Margarita Josefina Aguilar Alcántara (February 22, 1945 – February 13, 2026) was a Mexican folk artist from Ocotlán de Morelos, Oaxaca. A member of the Aguilar family, she is best known for her small clay figurines called muñecas (dolls), an artform she learned from her mother. Aguilar uses red clay to create depictions of everyday village activities, religious and folkloric scenes, famous figures, and special Day of the Dead statues. Collectors of her work include Nelson Rockefeller, who discovered her work on a trip to Oaxaca in 1978, and San Diego folk art collectors Barbara and Lee Roper. Aguilar says each figurine she makes is unique. She became blind in 2014 and now uses touch to create her art. One of her major collectors quoted her as saying "It's not the eyes. It's the hand and the brain."

== Life and career ==
Josefina Aguilar was born in Ocotlán de Morelos, Mexico, on February 22, 1945. She was mentored by her mother Isaura Alcántara Díaz and her grandmother. She began learning her craft from them when she was six years old. Aguilar's mother died in 1968, at the age of 43. Her father died in 1976. In teaching her daughters, Aguilar's mother had hoped to pass on a craft and expertise that would provide for them. In her early twenties, Aguilar began to receive international press on her work. Aguilar's sisters Guillermina, Irene, and Concepción also became accomplished sculptors, each with their own specialties. By the beginning of the 21st century, Josefina Aguilar was the matriarch of a family with nine members working in clay, including her sons Demetrio and José Juan García. Other family members focus on painting or other tasks.

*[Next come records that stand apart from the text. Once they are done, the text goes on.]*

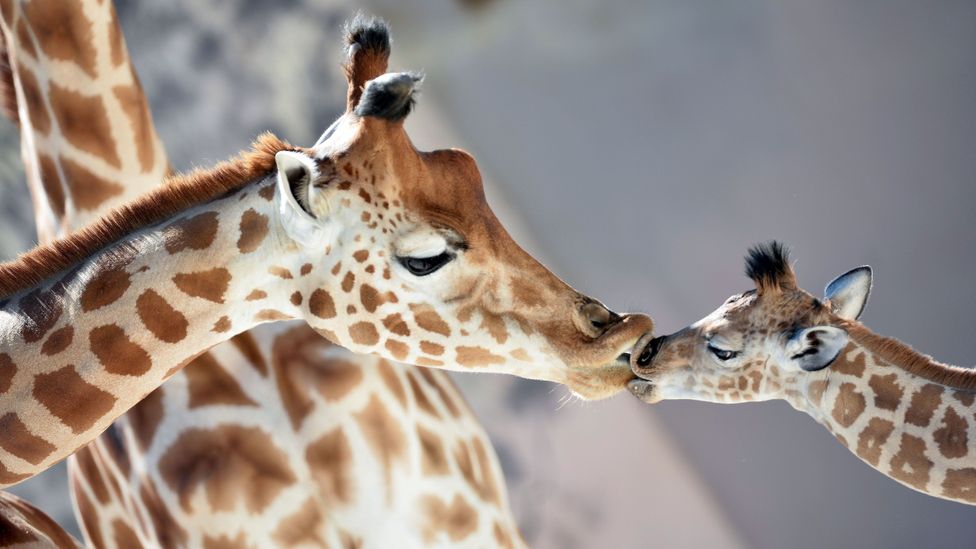 With their unusually long necks, giraffes need to maintain extraordinarily high blood pressure – how do they do it without falling ill? (Credit: Getty Images)
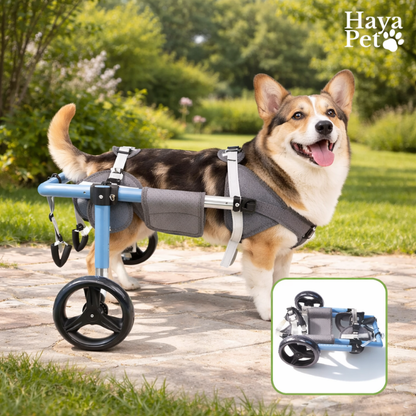 Foldable Dog Wheelchair With Adjustable Frame
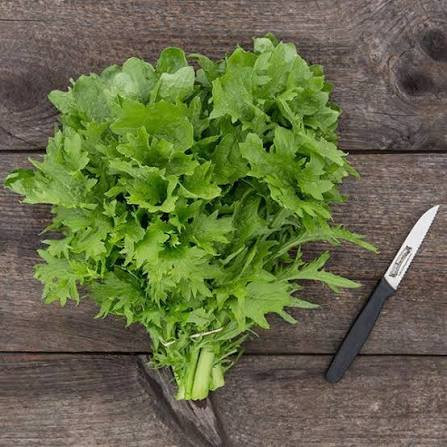 Wasabi Mustard (اخضر عريض)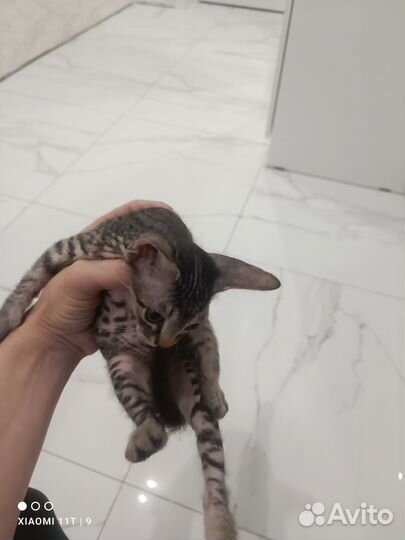 Кошка в дар бесплатно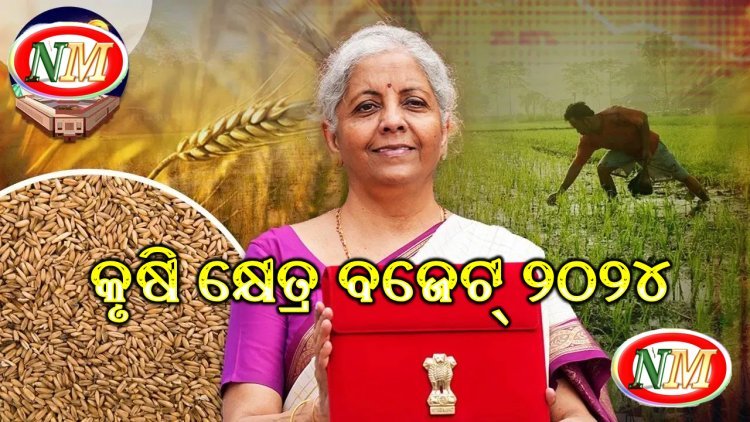 ବଜେଟ୍‌ ୨୦୨୪: କୃଷି କ୍ଷେତ୍ର ଲାଗି ୧.୫୨ ଲକ୍ଷ କୋଟି ଟଙ୍କା ଆବଣ୍ଟିତ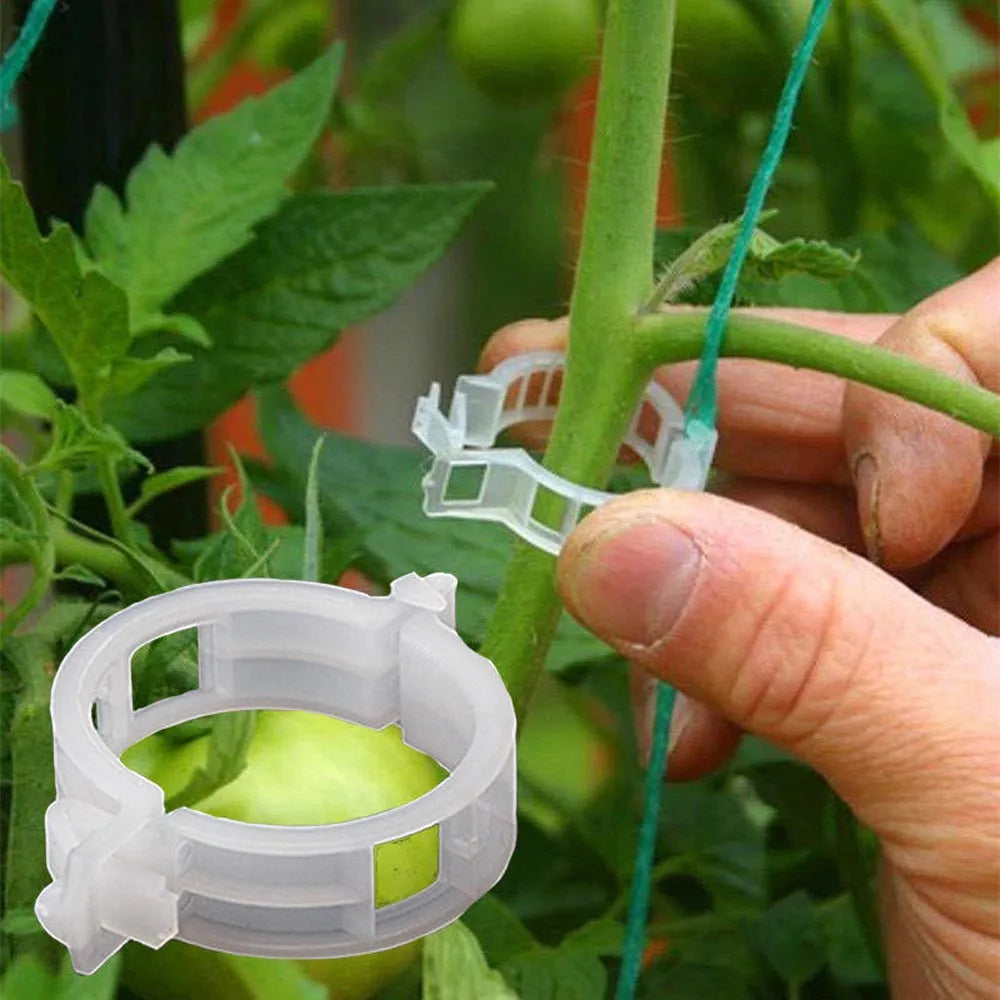 Plant Clips Supports Reusable Plastic Connects Fixing Vine Tomato Stem Grafting Vegetable Plants Orchard and Garden Tools 100PCS Oasis Select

Aguilar died in Oaxaca City on February 13, 2026, at the age of 80.

== Process ==
Aguilar's family dig the clay they use from a pit in a field outside of Ocotlán de Morelos. To get the quality clay required they have to dig down 10 or 12 feet. They soak the clay, lay a palm mat over it, and walk on it to press out the bubbles. While sculpting, Aguilar sits on her heels on a flat stone. Finished figures have to dry indoors for a week (direct sunlight would cause them to crack) before the family fires them in a rustic wooden kiln for nine hours. Many figures are lost to breakage. Those that survive the firing process have to cool overnight before they can be painted. The Aguilars sell their artwork on trestle tables set up in the open courtyard of their five-family complex. Aguilar and her husband purchased the land where the clay for her work is sourced. Previously, the family paid weekly for the clay they used from this land.

== Work in museums ==
Josefina Aguilar's work is displayed in the Museum of International Folk Art in Santa Fe, the Mexic-Arte Museum in Austin, Texas, the San Antonio Museum of Art, the Mexican Museum in San Francisco, and the National Museum of Mexican Art in Chicago.

== Awards ==
In 1977 Aguilar won first prize in the third Gran Premio de Arte Popular (Grand Prize in Folk Art) competition held in Irapuato, Guanajuato, by the Instituto Nacional de Bellas Artes. In 1980 she won second place in the first Concurso Nacional de Objetos Navideños Tradicionales (National Traditional Christmas Objects Contest) held in Mexico City by FONART. In 2004 she won the Galardón Pantaleón Panduro in the Premio Nacional de la Cerámica (National Ceramics Prize) competition held in San Pedro Tlaquepaque, Jalisco.

== In other media ==
Children's book author Jeanette Winter has written and illustrated a counting book, Josefina, inspired by Aguilar's life and work.